So too is Test captain of the 1970s and 1980s Greg Chappell and Ian Healy, who kept wicket to Warne for the first half of the King of Spin’s international career.
Recently retired Wimbledon, Australian Open and French Open-winning tennis great Ash Barty has joined Warne as an AO appointee in the Queen’s Birthday Honours List.
Warne took 708 wickets with his right-arm leg breaks across 145 Tests between 1992 and 2007.
That tally has only been bettered by Sri Lankan right-arm off spinner Muttiah Muralitharan, who took 800 scalps in 133 Tests from 1992 to 2010.
Daily Mail Australia revealed in the days after his death in March that history’s greatest spin bowler would finally be honoured his country. Warne, who died on March 4 in Thailand, has been made an Officer of the Order of Australia, the second highest level in the award system
Warne revolutionised cricket with his mastery of the once-dying art of leg spin bowling, challenging decades of dominance by the game’s pacemen.
The only Australian whose cricket achievements unequivocally surpass Warne’s is Sir Donald Bradman, whose 6,996 runs in 52 Tests at an average of 99.94 may never be beaten.
Bradman received the nation’s highest current honour when was made a Companion of the Order of Australia in 1979 – 30 years after he was knighted by the Queen.
Sportsmen and women are rarely considered for appointment as ACs.
In the existing sporting AC ranks are record-breaking Olympic swimmer Dawn Fraser, and tennis champions Rod Laver, Margaret Court, Evonne Goolagong Cawley and Roy Emerson.
Others to be made ACs are track stars Marjorie Jackson-Nelson, John Landy, Betty Cuthbert and Herb Elliott, as well as Wallaby and former Sydney Lord Mayor Sir Nicholas Shehadie.
Shane Warne’s children Brooke, Jackson and Summer gather with their mother Simone Callaghan at the leg-spinning maestro’s statue outside the Melbourne Cricket Ground following his death in Thailand
Appointments in the Order of Australia are not usually made posthumously but if a candidate is put forward before his or her death their nomination can still be considered.

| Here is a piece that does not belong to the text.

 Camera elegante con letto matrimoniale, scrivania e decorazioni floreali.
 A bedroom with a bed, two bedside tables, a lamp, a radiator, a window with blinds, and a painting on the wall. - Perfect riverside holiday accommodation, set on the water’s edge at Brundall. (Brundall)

A well-placed source told Daily Mail Australia in March that Warne had been nominated and the appropriate forms received by the Australian Honours and Awards Secretariat before his death.
Warne was one of 23 deceased recipients of Queen’s Birthday awards to be honoured this year.
His contemporaries Mark Waugh, Matthew Hayden and Justin Langer are below him as Members of the Order of Australia (AM), as are seam bowler Glenn McGrath and wicketkeeper/batsman Adam Gilchrist.
Trinidadian master batsman Brian Lara and his Indian equivalent Sachin Tendulkar are Members of the Order of Australia, despite not being citizens.
West Indian allrounder from the 1950s to 1970s, the great Sir Garfield Sobers, and his countryman Clive Lloyd are on Warne’s level as honorary Officers of the Order of Australia.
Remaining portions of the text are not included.